Paul Lalli · Aug 12, 2007

In an application I write in Perl, I must count the total number of
files (not directories) in a complete tree.

What is the most efficient way to do it ?

My current code is :

use File::Recurse;
my $nb = 0;
recurse { -f && $nb++ } $dir;

With this code, I can scan 10,000 files in 15 seconds.

I want to know if it exists a best way (= quicker) to do it ?

I don't know the answer for sure, but looking at File::Recurse, it
seems to be a bit bloated for what you want to do. In addition to
recursing through the directory structure, it also checks a hash of
options for each file found, and stores information about each entry
to be later returned from the recurse() function.
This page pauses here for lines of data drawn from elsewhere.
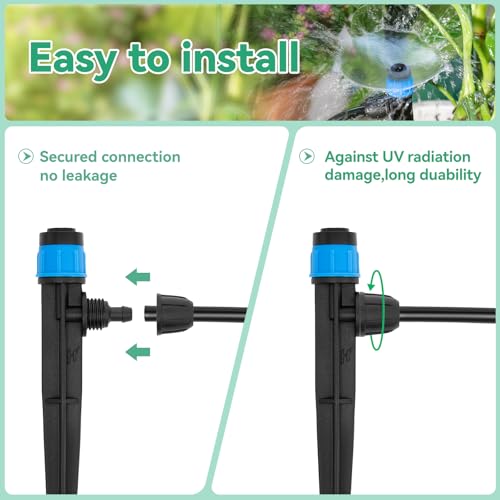 La Farah Drip Irrigation Emitters for 1/4" Tubing: Adjustable 360 Degree Water Flow Drippers with Lock Barbed - Drip Spray Emitters Parts for Garden Watering System (25pcs) - Image 3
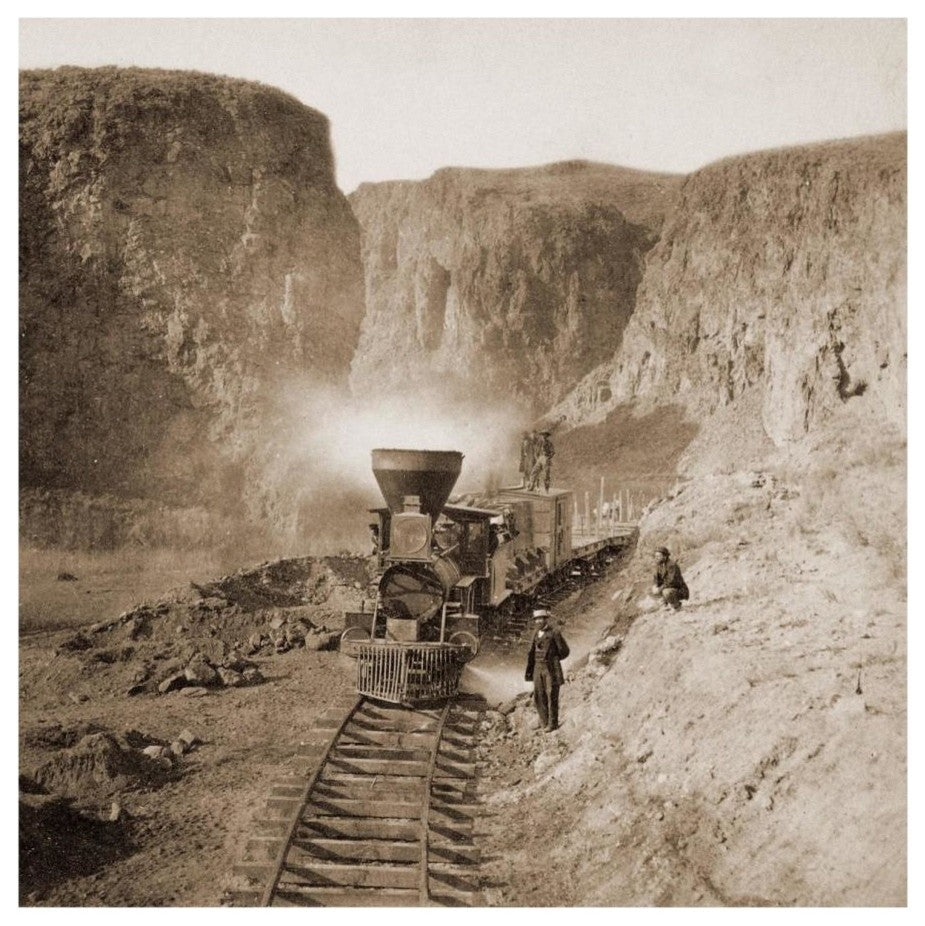 "First Construction Train, Palisades, 10 Mile Canon, 1866" Paper Art, 18"x18"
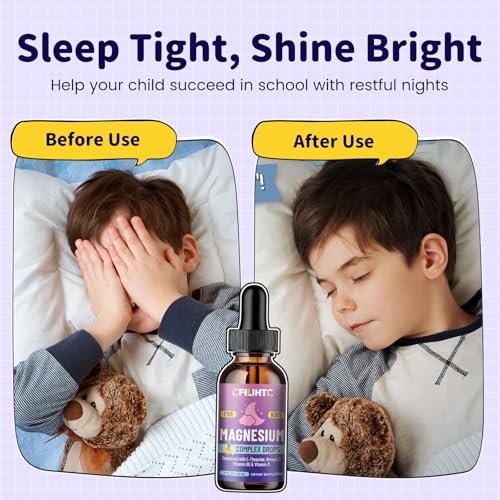 CFILIHTC Kids Magnesium Liquid Drops - Magnesiumglycinat flüssig für Kinder - mit L-Theanin, Omega-3, Vitamin B6, D3 - für Schlaf, Entspannung, Gehirn, Knochen - Ananasgeschmack, 59 ml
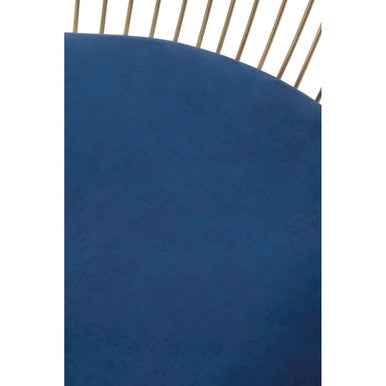 Anzio Navy Blue Velvet And Brushed Gold Chair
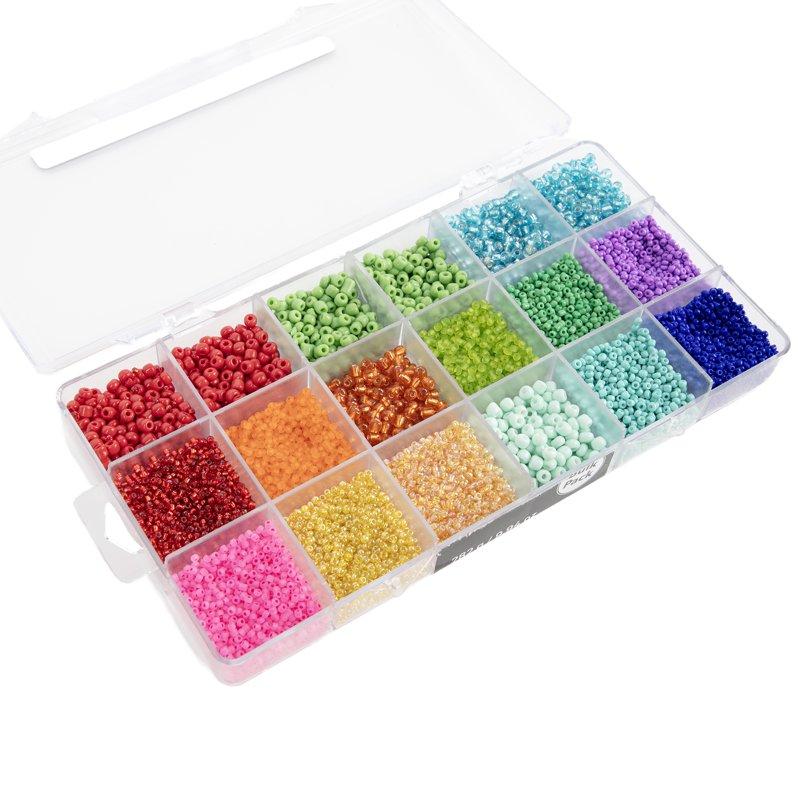 Bright Rainbow Glass Seed Bead Bulk Pack for Jewelry Making - 10,000 Pieces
I would try just using the standard File::Find module and see if it's
any faster.

use File::Find;
my $nb = 0;
find($dir, sub { -f and $nb++ });

You may also wish to use the standard Benchmark module to actually
compare the two techniques.

Paul Lalli

Patrick · Aug 12, 2007

Paul Lalli a écrit :

I don't know the answer for sure, but looking at File::Recurse, it
seems to be a bit bloated for what you want to do. In addition to
recursing through the directory structure, it also checks a hash of
options for each file found, and stores information about each entry
to be later returned from the recurse() function.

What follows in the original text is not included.